The clip that stabilized policy gradients is about to stabilize something far larger. Chapter 06 turns PPO outward: the same clipped objective, with a language model as the policy and a learned reward model standing in for the environment, is the engine of RLHF — and its leaner successors, DPO and GRPO, that align the models you talk to every day.
References
- Mnih, V. et al. (2015). Human-level control through deep reinforcement learning.
- Schulman, J., Wolski, F., Dhariwal, P., Radford, A. & Klimov, O. (2017). Proximal Policy Optimization Algorithms.
- Schulman, J., Levine, S., Abbeel, P., Jordan, M. & Moritz, P. (2015).
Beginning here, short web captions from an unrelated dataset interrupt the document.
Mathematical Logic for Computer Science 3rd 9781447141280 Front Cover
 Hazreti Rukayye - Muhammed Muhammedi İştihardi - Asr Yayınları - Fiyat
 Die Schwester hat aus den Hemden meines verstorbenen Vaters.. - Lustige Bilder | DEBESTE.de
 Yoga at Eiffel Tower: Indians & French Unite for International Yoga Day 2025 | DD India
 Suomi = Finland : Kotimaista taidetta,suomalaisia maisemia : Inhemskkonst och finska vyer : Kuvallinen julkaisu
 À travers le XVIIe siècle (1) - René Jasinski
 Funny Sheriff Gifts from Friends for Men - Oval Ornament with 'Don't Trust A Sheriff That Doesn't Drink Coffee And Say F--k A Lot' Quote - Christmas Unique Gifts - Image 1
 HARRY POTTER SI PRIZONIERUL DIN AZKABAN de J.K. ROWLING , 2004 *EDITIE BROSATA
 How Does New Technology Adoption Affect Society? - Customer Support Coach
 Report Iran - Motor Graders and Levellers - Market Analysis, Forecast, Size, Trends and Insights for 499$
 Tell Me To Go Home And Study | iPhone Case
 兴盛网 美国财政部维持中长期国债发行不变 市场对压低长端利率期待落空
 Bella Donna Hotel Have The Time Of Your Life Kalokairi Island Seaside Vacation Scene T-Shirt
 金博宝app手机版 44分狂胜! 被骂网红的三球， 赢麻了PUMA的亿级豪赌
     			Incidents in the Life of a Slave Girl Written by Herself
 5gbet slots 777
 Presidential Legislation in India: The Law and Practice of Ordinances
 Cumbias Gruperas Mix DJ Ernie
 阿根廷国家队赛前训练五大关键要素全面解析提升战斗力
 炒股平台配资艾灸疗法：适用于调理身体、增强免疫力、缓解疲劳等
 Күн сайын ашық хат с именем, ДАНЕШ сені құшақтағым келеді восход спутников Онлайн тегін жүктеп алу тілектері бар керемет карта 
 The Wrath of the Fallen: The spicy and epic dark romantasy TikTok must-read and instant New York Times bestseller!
Trust Region Policy Optimization.
- Haarnoja, T., Zhou, A., Abbeel, P. & Levine, S. (2018). Soft Actor-Critic: Off-Policy Maximum Entropy Deep RL with a Stochastic Actor.
- van Hasselt, H., Guez, A. & Silver, D. (2016). Deep Reinforcement Learning with Double Q-learning.
- Lillicrap, T. P. et al. (2016). Continuous control with deep reinforcement learning.
- Fujimoto, S., van Hoof, H. & Meger, D. (2018). Addressing Function Approximation Error in Actor-Critic Methods.
- Henderson, P. et al. (2018). Deep Reinforcement Learning that Matters.